Tree Huts
kamel mennour is pleased to be presenting “Tree Huts”, Tadashi Kawamata’s first solo exhibition at the gallery.
Born in 1953 on the Japanese island of Hokaido, Tadashi Kawamata is famous for his in situ interventions, assembled from, among other things, wooden planks, chairs and barrels. Whether built up into fragile, Babylonian constructions (Cathedral of chairs, the Pommery vineyard, 2007), or stretched out to form serpentine walkways (the Alkmaar Polders, 1997), his works offer, to those who climb up onto them or set foot on them, another point of view – in every sense – over the place in which they are situated (The Observatory in Lavau-sur-Loire in 2007, and in Evreux in 2000).
However, some of his more recent installations do not allow direct access to the visitor.
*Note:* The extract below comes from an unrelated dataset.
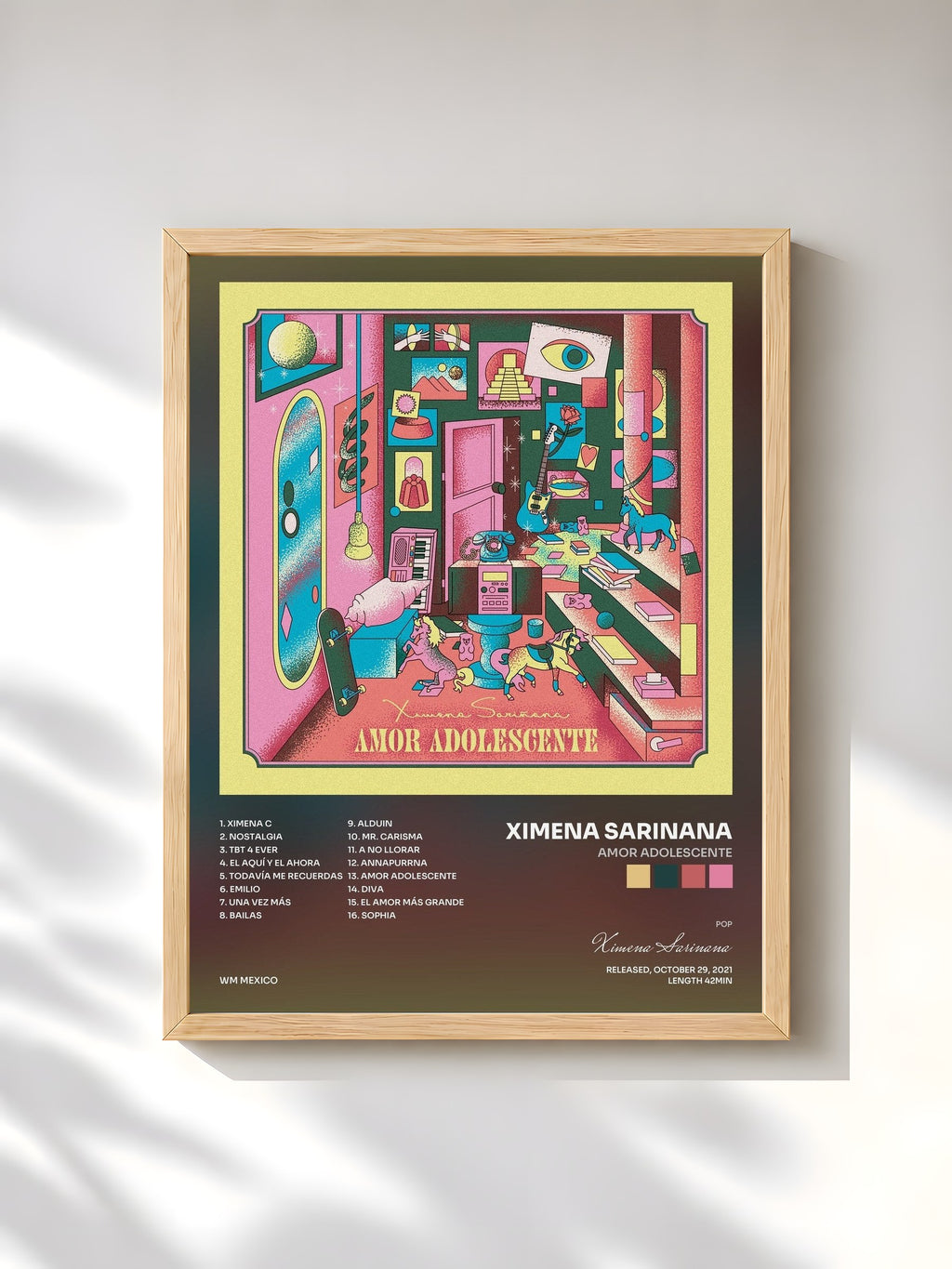 #bois Tableau de l'album Amor Adolescente de Ximena Sarinana, cadre en bois brut, imprimé et encadré en France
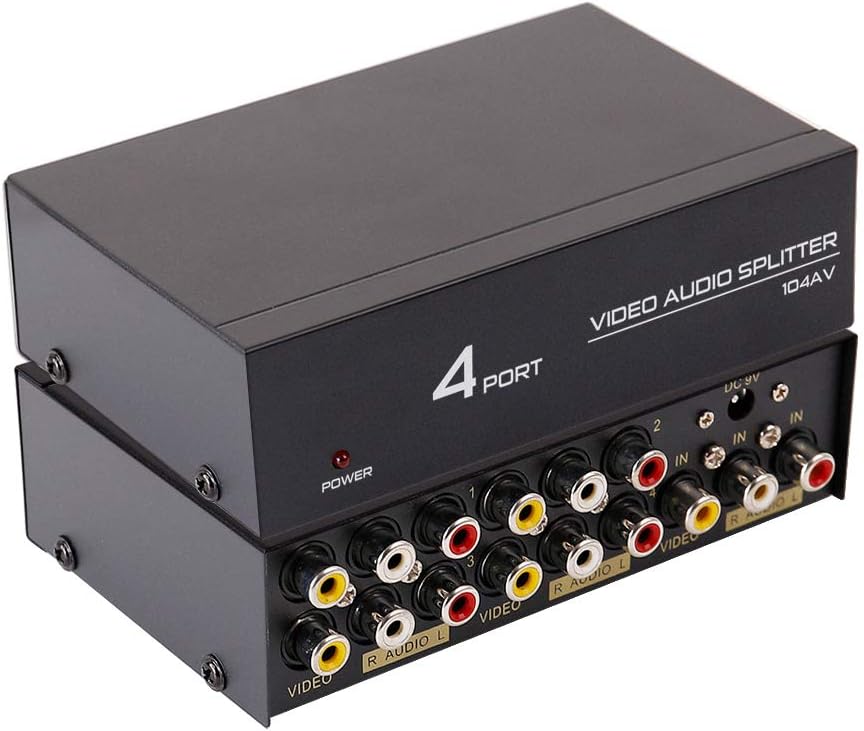 DTECH Powered 4 Way 3 RCA Splitter Box 1 in 4 Out Composite Video Audio Distribution Duplicator with Power Adapter Compatible with Gaming Console to TV Projector Video Capture Card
For Art Basel 2007, the artist created a small wooden cabin wrapped around a giant pylon, in front of the building that houses the international art fair. Contrasting dramatically with the surrounding modernist buildings, it was a poetic and ironic statement. Reminiscent, simultaneously, of an archaic tribal hut, a homeless person’s precarious shelter and a dovecote, its position, perched up high, seemed an invitation to loftier thoughts. In what is, ultimately, the violent and competitive context of any contemporary art fair, the cabin placed its hypothetical Lilliputian inhabitants out of the reach of all predators. Evocative of childhood games, the cabin appears as a metaphor for an oblivious refuge that allows us to escape the world’s bustle and rediscover a certain inner peace.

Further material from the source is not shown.